BEGIN INPUT DATA
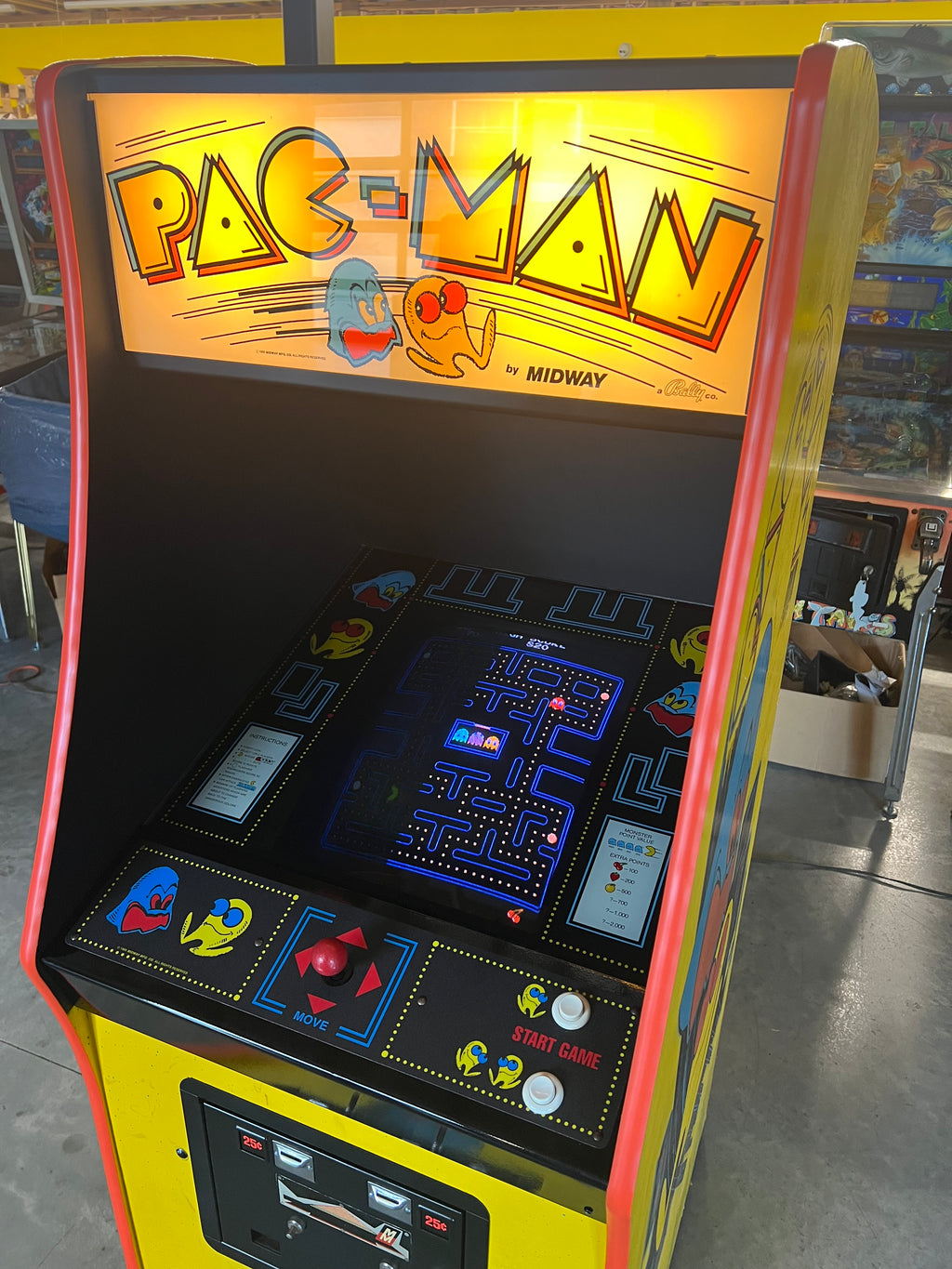 Pac-Man Arcade Game - Nice Looking Original Game - Works 100% Used PACMAN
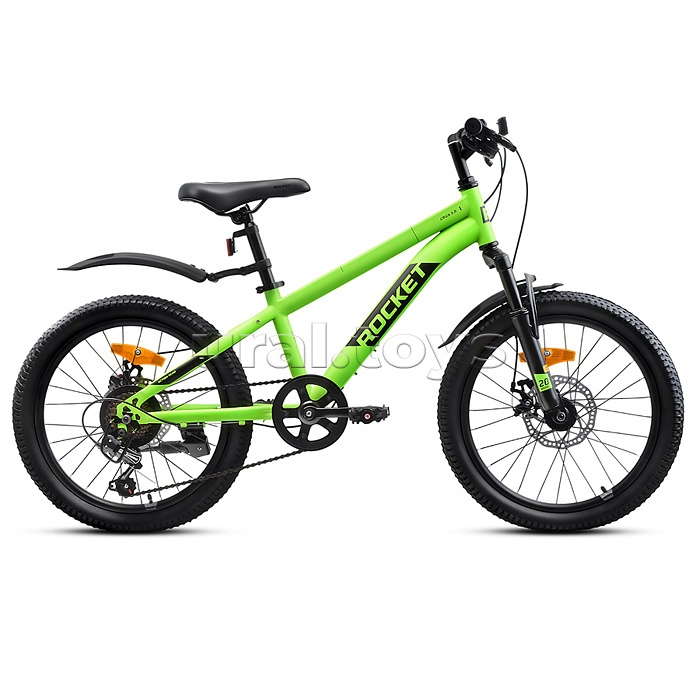 Велосипед 20" Rocket Crux 3.0 , цвет зеленый, размер 11"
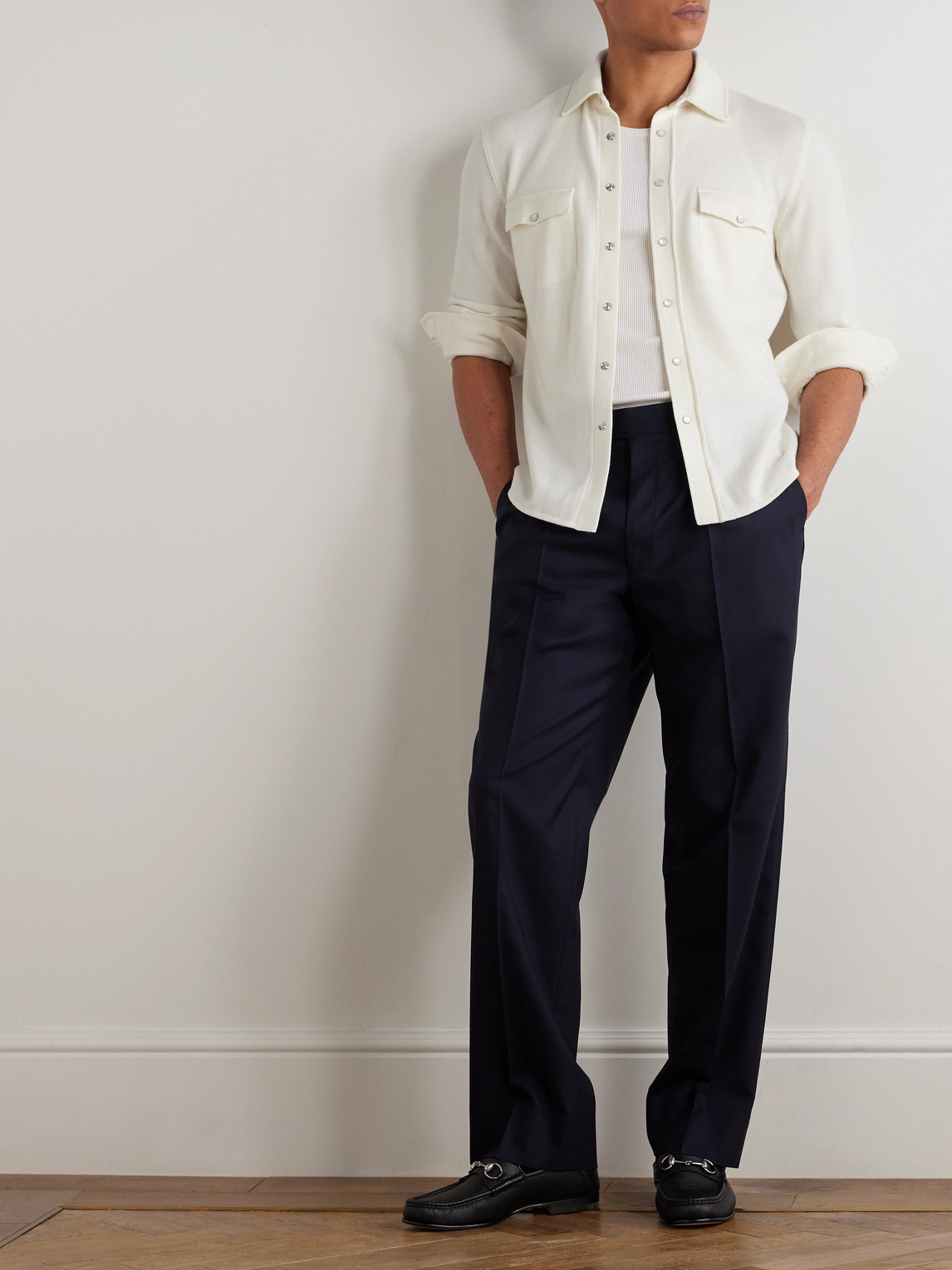 Brunello Cucinelli Men Shirt Jacket In White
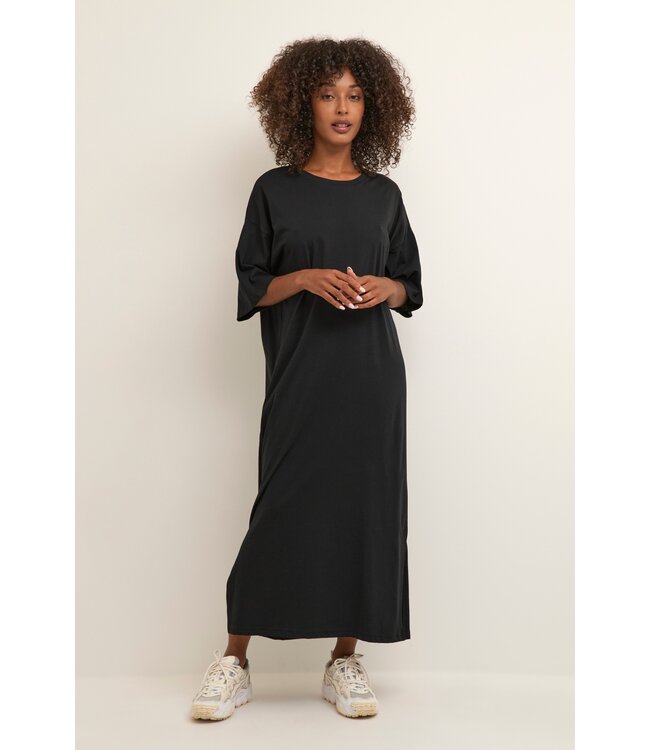 KAedna 1/2 Sleeve Dress - Black Deep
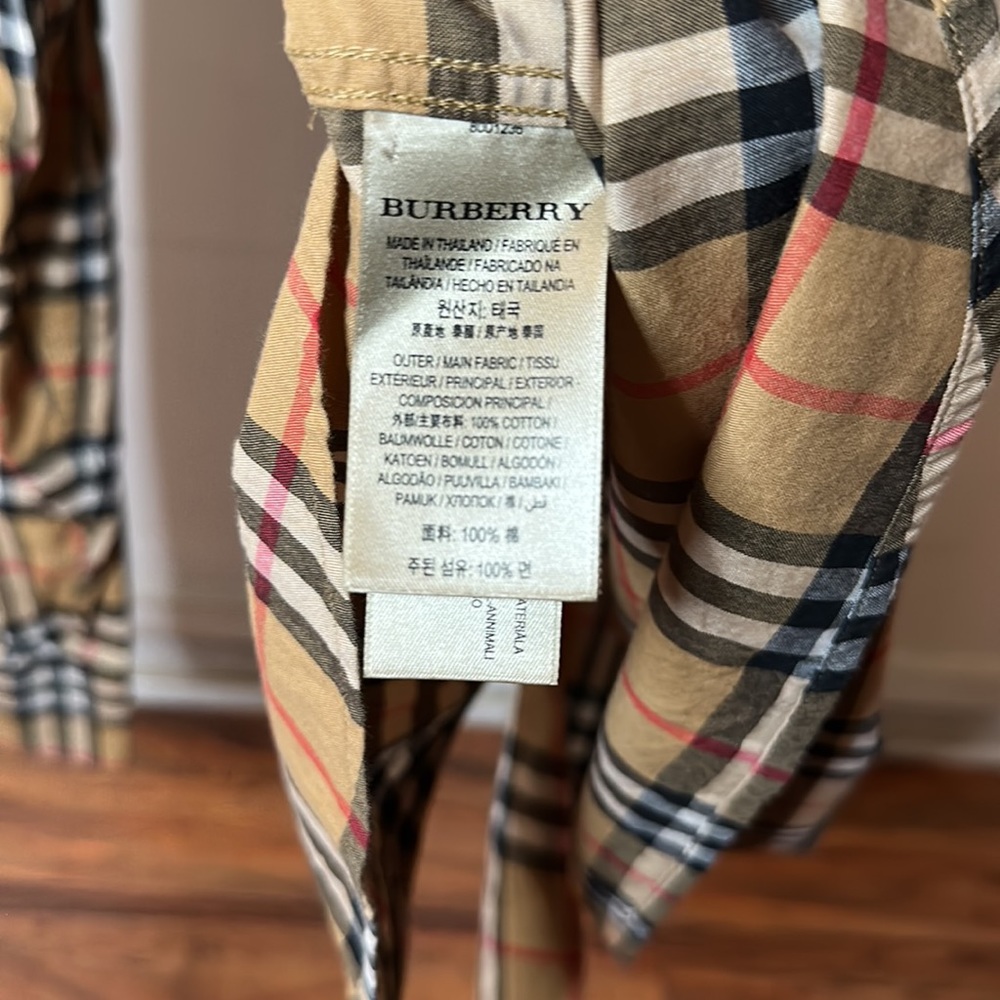 Burberry Check Cotton Poplin Shirt in Traditional Check - Picture 4 of 5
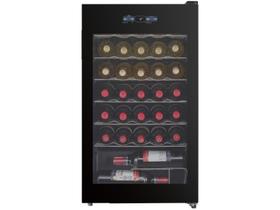 Adega de Vinho Climatizada 34 Garrafas Inverter Bivolt Midea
END INPUT DATA
→ **YOUR GOAL**
Reproduce every entry exactly, but omit each picture.

→ **RESPONSE TO THE EXERCISE**
 Pac-Man Arcade Game - Nice Looking Original Game - Works 100% Used PACMAN
 Велосипед 20" Rocket Crux 3.0 , цвет зеленый, размер 11"
 Brunello Cucinelli Men Shirt Jacket In White
 KAedna 1/2 Sleeve Dress - Black Deep
 Burberry Check Cotton Poplin Shirt in Traditional Check - Picture 4 of 5
 Adega de Vinho Climatizada 34 Garrafas Inverter Bivolt Midea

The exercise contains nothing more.